Jun 11, 2010
CHICAGO - Jim Raff
is swooping back into the aircraft market, looking for bargains and packing a $600-million bankroll from private-equity giant Carlyle Group
He's hoping to repeat the performance of his last fund, which successfully rode the industry's bust and recovery cycle from 2004 to 2007.
"We think the time is right to start buying," says the Chicago banker, who got his start 23 years ago lending money to United Airlines. Mr. Raff's RPK Capital Partners LLC hopes to leverage Carlyle's funds to buy more than $1 billion in aircraft and engines or related bonds and debt.
He's riding a wave of private-equity money flooding into the aircraft-leasing business on the theory that prices are nearing the bottom and will climb as aviation recovers. Connecticut private-equity firm Oak Hill Capital Management LLC and others invested $1.4 billion in Avolon, an aircraft leasing venture based in Ireland; San Francisco-based Jackson Square Aviation LLC raised $500 million from Oaktree Capital Management L.P.
The capital is crucial to the continued rebound of plane makers like Chicago-based Boeing Co. Its airline customers must sell off older planes before they can buy new ones like the 787. But more cash for leasing firms also means more competition for deals.

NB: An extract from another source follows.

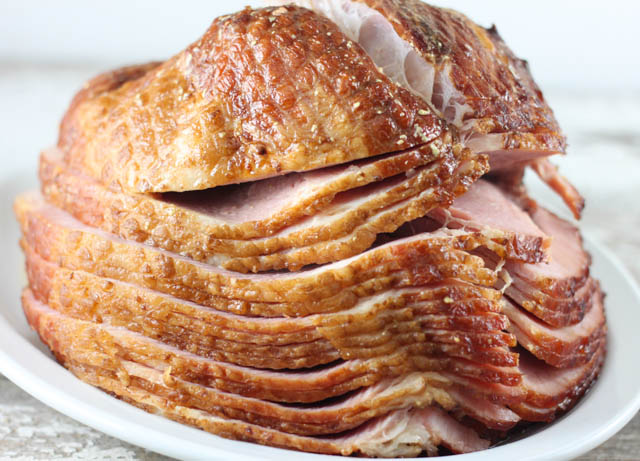 Are you looking for a simple ham recipe that can be made in the crock pot? This Slow Cooker Honey Dijon Ham is the perfect ham recipe for the holidays or family dinner.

"The biggest risk is if they're all in a giant rush to invest that money in transactions that don't make sense," says Glen Langdon, CEO of Langdon Asset Management Inc. in San Francisco, which buys and sells aircraft.
Washington, D.C.-based Carlyle is making its first foray into aircraft finance, betting big on Mr. Raff and partners Paul Redman, Robert Gates and Chris Chaput.

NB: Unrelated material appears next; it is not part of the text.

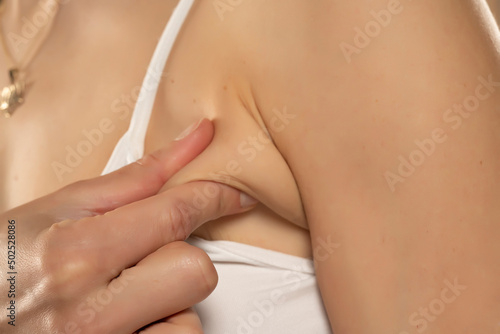 Armpit fat at woman between 30-40 years old dressed in a sporty bra. closeup photo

"We liked Jim's strategy and approach," says Adam Palmer, a Carlyle managing director. "When combined with his track record through the last cycle, we decided to partner with him and his team."
Mr. Raff grew up in rural Connecticut and came to Chicago in 1987 as a lender for AMRO Bank. He later worked for Denver-based aircraft-leasing company Republic Financial Corp. and Boston-based BTM Capital Corp. before returning to Chicago in 2004 to start RPK Capital, a $200-million fund.
During the next three years, he produced a 54% annualized return for investors. He then sat out the industry collapse that followed. "We started selling before most people, and we didn't get greedy," he says.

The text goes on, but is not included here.